Could the data below be retyped exactly, without its pictures?

(DATASET EXTRACT):
::::::::::

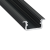 Lumines Alumínium U profil LED szalaghoz , 2 méter/db , VÍZTISZTA fedővel , süllyeszthető , fekete...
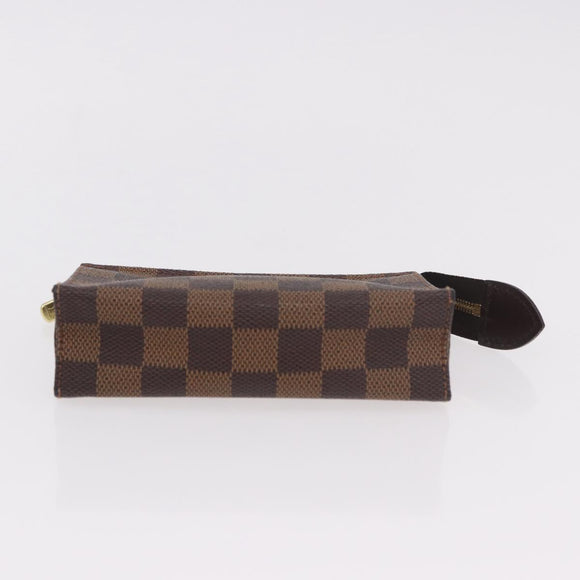 LOUIS VUITTON Damier Ebene Poche Toilette 15 Etui N47548 LV Auth 183737V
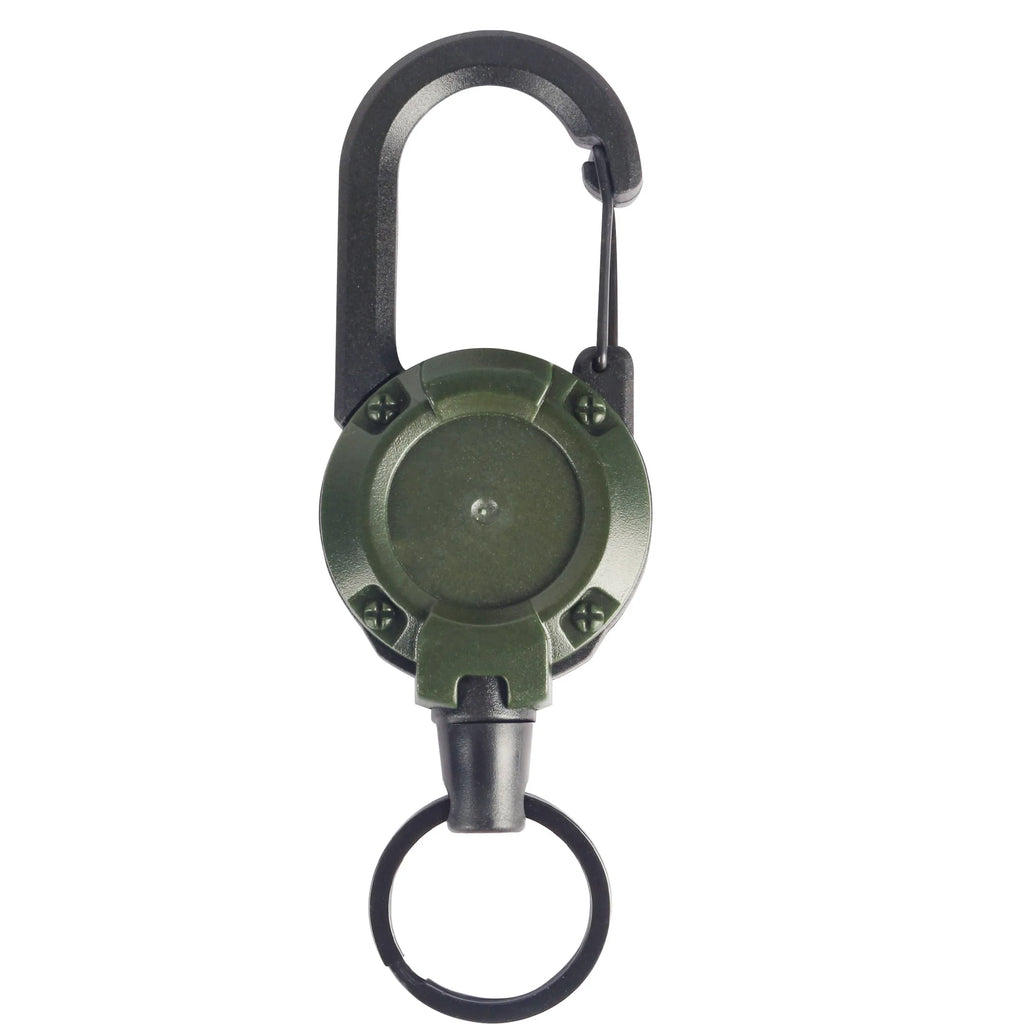 1/5Pcs Retractable Heavy Duty Carabiner Keychain Steel Wire Rope Spring Buckle Pull Reel Anti-theft Outdoor Sporty Key Ring Tool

::::::::::

(RESPONSE TO THE TASK):
 Lumines Alumínium U profil LED szalaghoz , 2 méter/db , VÍZTISZTA fedővel , süllyeszthető , fekete...
 LOUIS VUITTON Damier Ebene Poche Toilette 15 Etui N47548 LV Auth 183737V
 1/5Pcs Retractable Heavy Duty Carabiner Keychain Steel Wire Rope Spring Buckle Pull Reel Anti-theft Outdoor Sporty Key Ring Tool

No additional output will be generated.